Jednocześnie rozbudzało i zaspokajało ciekawość, jak zabrzmi kolejne nagranie, jaki jest jego "prawdziwy" obraz, zarówno pod względem przestrzennym, jak i... basowym, i uspokajało - z każdym materiałem było przynajmniej znośnie, nigdy nie poczułem tego swoistego niepokoju, nie przeskakiwałem nerwowo z nagrania na nagranie, aby wreszcie usłyszeć coś ciekawego, bo wszystko wydawało się ciekawe, chociaż nie zawsze były "ciary".
Kii Three nie dają zastrzyku adrenaliny, nie wprowadzają nas w środek jazzowego klubu ani przed rockową scenę, działają raczej jak "otwarte okno", nie zapraszają nam do pokoju muzyków. Przez to okno wszystko jednak słychać bardzo dokładnie, i chociaż mamy świadomość, że słuchamy nagrań, a nie muzyki na żywo, to wszelkie akustyczne klimaty, jakie udało się zarejestrować, są pokazane z nadzwyczajną wiernością, wręcz pieczołowitością.
Kii Three słuchane cicho utrzymują dobrą czytelność, ale największe wrażenie robią przy średnich (najbardziej praktycznych) poziomach - staje się wtedy oczywiste, że żadne inne konstrukcje tej wielkości nie mają takiego potencjału basu, dynamiki i precyzji przestrzennej.
Kii Three są doskonałym narzędziem dla profesjonalistów, mogą też być bezproblemowym głośnikiem domowym, z powodzeniem konkurującym z systemami w podobnej cenie (biorąc pod uwagę koszt nie tylko głośników, ale też wzmacniaczy i przetworników).

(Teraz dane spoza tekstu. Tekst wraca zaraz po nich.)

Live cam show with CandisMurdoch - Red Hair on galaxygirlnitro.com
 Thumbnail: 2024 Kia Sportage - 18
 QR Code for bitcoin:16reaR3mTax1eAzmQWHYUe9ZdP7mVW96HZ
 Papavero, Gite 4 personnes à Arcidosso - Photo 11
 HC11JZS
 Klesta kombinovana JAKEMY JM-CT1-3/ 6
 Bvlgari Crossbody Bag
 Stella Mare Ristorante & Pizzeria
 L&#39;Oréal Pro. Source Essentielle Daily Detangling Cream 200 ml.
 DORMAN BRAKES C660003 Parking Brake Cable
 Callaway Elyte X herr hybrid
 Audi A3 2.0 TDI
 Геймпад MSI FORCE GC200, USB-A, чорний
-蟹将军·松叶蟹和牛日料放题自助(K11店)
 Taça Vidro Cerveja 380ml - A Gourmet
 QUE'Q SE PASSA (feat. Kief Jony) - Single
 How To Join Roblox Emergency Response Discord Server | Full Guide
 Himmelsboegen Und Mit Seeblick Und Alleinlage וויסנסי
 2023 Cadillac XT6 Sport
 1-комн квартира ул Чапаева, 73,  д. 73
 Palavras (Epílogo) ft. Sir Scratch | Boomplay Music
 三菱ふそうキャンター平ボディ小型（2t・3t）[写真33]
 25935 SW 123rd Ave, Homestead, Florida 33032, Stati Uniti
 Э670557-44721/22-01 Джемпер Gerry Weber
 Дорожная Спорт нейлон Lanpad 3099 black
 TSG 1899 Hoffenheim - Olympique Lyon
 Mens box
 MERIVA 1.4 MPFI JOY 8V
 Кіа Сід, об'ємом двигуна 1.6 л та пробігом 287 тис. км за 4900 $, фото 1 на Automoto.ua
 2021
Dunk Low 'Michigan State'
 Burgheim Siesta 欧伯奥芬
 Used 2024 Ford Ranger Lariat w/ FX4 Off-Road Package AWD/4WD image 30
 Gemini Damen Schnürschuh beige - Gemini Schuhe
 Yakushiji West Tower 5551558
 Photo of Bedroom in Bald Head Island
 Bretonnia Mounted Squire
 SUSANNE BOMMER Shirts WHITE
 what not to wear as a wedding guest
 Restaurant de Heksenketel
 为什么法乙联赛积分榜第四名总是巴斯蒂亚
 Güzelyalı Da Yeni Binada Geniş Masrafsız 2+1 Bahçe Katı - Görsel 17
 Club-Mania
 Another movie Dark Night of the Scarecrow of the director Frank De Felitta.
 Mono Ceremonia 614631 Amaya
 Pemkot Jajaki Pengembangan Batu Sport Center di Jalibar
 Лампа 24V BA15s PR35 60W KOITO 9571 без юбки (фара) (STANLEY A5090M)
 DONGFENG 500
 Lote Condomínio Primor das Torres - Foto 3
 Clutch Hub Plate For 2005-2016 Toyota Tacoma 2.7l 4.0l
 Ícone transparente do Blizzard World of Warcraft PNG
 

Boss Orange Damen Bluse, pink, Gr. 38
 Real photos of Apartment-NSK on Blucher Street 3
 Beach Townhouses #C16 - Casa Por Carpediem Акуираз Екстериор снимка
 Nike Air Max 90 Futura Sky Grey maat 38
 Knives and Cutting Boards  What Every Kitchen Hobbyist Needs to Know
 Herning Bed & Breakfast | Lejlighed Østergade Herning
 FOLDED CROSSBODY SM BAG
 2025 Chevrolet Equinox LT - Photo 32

Co dla jednych będzie zaletą, dla innych będzie problemem - Kii Three nie zmuszają, ale i nie pozwalają na szukanie "odpowiedniego wzmacniacza", "harmonijnego DAC-a", na szlifowanie brzmienia kablami głośnikowymi; znacznie redukują obszar własnej inicjatywy użytkownika, nie pozwalają na podsumowanie ich brzmienia formułką obiecującą raj na ziemi po dopasowaniu reszty systemu; niemal wszystko zostało tutaj już dopasowane.